Denny Cove is located less than two miles south of Foster Falls. It features over 100 established sport climbing routes, as well as several challenging traditional climbs. Rappelling is also prohibited at Denny Cove.
Rappelling and top rope climbing are both allowed at Stone Door designated areas, however, climbing and rappelling on the Stone Door overlook and in the Stone Door itself are prohibited. Because natural anchors are necessary, the practice of “Leave No Trace” techniques are important to minimize impact.
If you are a history buff you'll be glad you brought your rig to this state park. Many historical sites are located throughout the park. There is an iron oxide spring in the area that was a popular health resort in the 1800s. A stagecoach road built by slaves is also located in the park. This road was important because it connected the area to Chattanooga. Grundy Lakes, located within the park, has a historically significant coal mining past. The abandoned coke ovens are all that is left of the area’s past prosperity and violence.
With over 90 miles of hiking trails and backwoods camping, hikers come from all around to visit South Cumberland State Park. RV campers at Forest Falls may hike the Fiery Gizzard Trail 12.5 miles to the Grundy Forest where they can observe nature at its finest. Swim in Fiery Gizzard Creek, view cascading streams and waterfalls, and enjoy the panoramic views, rock gorges, and abundant forests. Other hiking areas include the Savage Gulf and Stone Door with approximately 55 miles of hiking that includes incredible vistas, waterfalls, and historical locations.

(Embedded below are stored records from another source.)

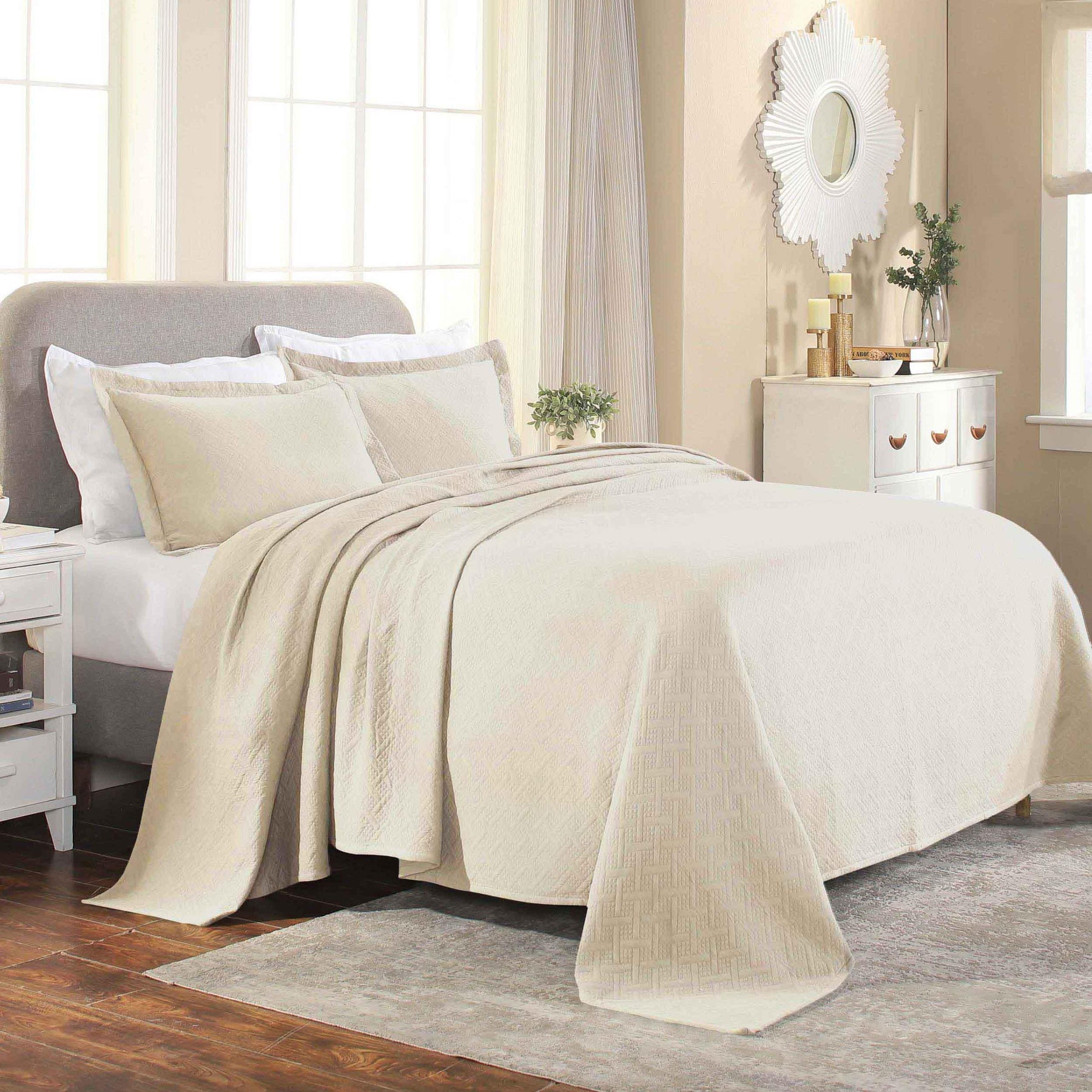 Basket Weave Matelasse Cotton Bedspread Set - Bedspread by Superior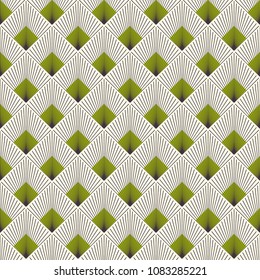 Art deco seamless pattern with leaves in the shape of a rhombus.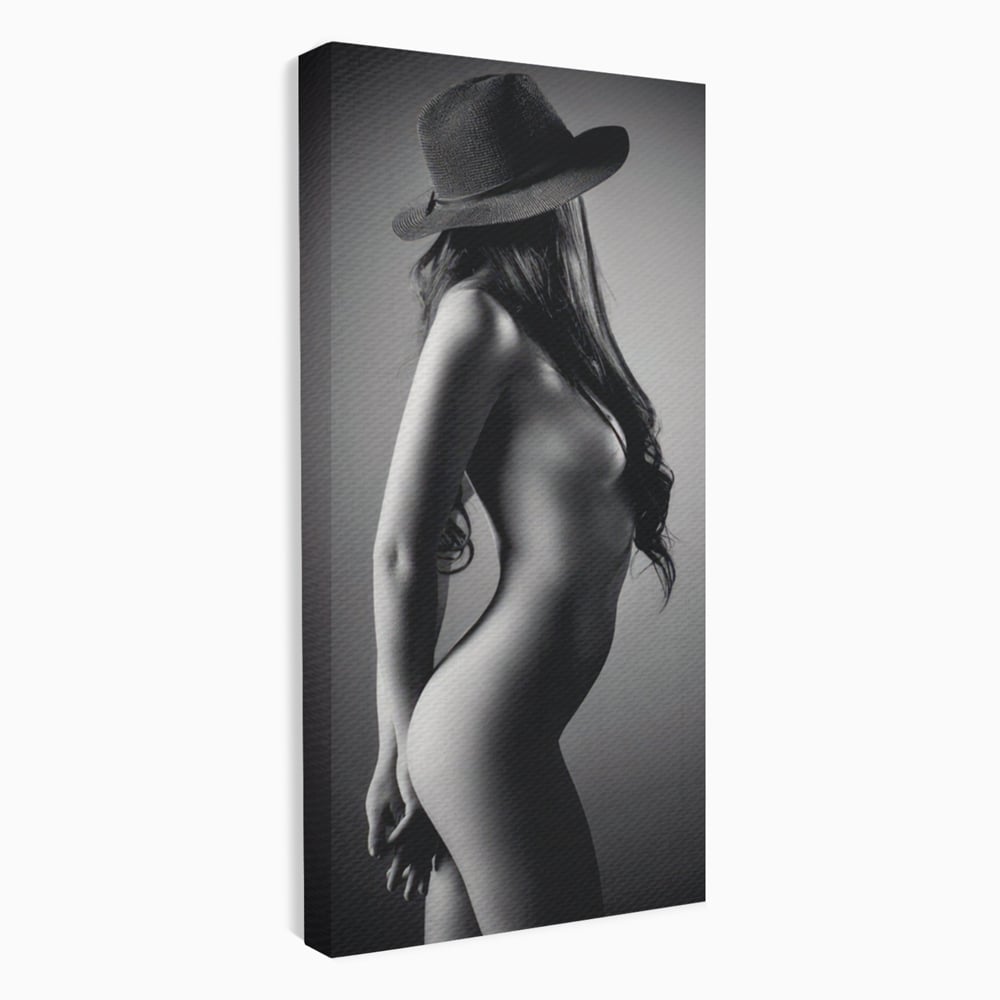 Tablou Canvas Premium LuxCanva® A1324, Sexy Girl , Living, Nude, Palarie, Senzual, Femeie, Dresing, Culori Vibrante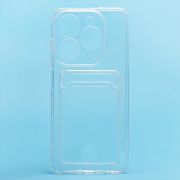 Чехол Tecno Spark Go 2024 силикон с картхолдером и защитой камеры прозрачный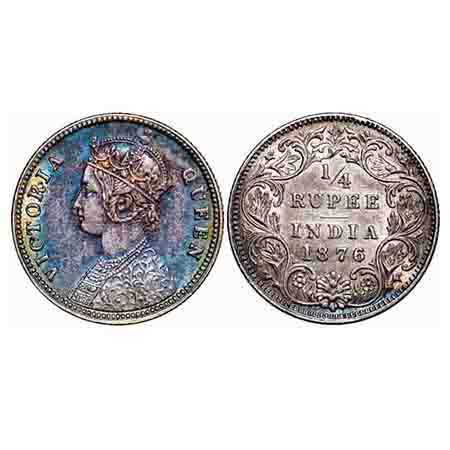Victoria Queen, Silver, 1/4 rupee, 1876, Calcutta Mint, A/I, No mint mark, No 'C'. F. Prid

Head over to the visitor center and pick up your hiking trail maps and a checklist to the Birds of South Cumberland State Park. With over 42 species of birds observed here, South Cumberland State Park is an excellent stop for birdwatchers. Some open country birds include indigo buntings, field sparrows, and eastern bluebirds. The spectacular bluff line overlooking Savage Gulf offers a prime location to view migrating birds of all kinds. Always tread lightly and respect the bird habitat. During May to July, take extra care in nesting areas.